Would you please output, word for word, the span of the listing below that opens on the line containing "滨湖6公斤时间打印电子秤*电白实业集团" and closes on the line containing "Patty Welch - @PattyJWelch - Twitter"? Include both ends and nothing more.
_ _ _
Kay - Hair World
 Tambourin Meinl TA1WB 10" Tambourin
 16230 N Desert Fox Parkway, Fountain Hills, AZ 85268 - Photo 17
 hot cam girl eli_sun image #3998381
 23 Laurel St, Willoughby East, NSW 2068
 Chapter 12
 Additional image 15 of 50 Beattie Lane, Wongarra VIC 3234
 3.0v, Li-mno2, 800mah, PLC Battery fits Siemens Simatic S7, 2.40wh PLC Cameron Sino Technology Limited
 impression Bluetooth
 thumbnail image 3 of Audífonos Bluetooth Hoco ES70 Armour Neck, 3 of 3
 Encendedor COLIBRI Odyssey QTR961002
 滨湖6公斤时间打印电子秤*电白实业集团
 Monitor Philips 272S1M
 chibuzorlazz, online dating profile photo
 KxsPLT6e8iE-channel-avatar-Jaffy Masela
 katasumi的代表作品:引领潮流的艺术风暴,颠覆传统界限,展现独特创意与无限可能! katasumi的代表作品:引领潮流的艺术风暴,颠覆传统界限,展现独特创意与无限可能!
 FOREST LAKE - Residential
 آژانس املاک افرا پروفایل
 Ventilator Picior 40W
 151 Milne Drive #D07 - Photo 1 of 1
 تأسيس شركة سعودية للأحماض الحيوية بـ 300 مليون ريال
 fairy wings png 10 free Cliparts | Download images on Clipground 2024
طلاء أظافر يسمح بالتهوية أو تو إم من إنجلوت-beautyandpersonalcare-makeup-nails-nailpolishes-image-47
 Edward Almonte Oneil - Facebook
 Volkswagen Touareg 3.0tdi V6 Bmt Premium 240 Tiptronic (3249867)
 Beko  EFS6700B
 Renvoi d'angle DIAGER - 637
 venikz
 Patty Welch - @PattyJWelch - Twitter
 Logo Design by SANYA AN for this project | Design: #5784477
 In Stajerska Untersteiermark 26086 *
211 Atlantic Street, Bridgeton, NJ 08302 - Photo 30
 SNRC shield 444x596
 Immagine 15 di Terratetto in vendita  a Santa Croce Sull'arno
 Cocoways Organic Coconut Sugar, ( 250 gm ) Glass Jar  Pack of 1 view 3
_ _ _
◆ WRITTEN ANSWER ◆
 滨湖6公斤时间打印电子秤*电白实业集团
 Monitor Philips 272S1M
 chibuzorlazz, online dating profile photo
 KxsPLT6e8iE-channel-avatar-Jaffy Masela
 katasumi的代表作品:引领潮流的艺术风暴,颠覆传统界限,展现独特创意与无限可能! katasumi的代表作品:引领潮流的艺术风暴,颠覆传统界限,展现独特创意与无限可能!
 FOREST LAKE - Residential
 آژانس املاک افرا پروفایل
 Ventilator Picior 40W
 151 Milne Drive #D07 - Photo 1 of 1
 تأسيس شركة سعودية للأحماض الحيوية بـ 300 مليون ريال
 fairy wings png 10 free Cliparts | Download images on Clipground 2024
طلاء أظافر يسمح بالتهوية أو تو إم من إنجلوت-beautyandpersonalcare-makeup-nails-nailpolishes-image-47
 Edward Almonte Oneil - Facebook
 Volkswagen Touareg 3.0tdi V6 Bmt Premium 240 Tiptronic (3249867)
 Beko  EFS6700B
 Renvoi d'angle DIAGER - 637
 venikz
 Patty Welch - @PattyJWelch - Twitter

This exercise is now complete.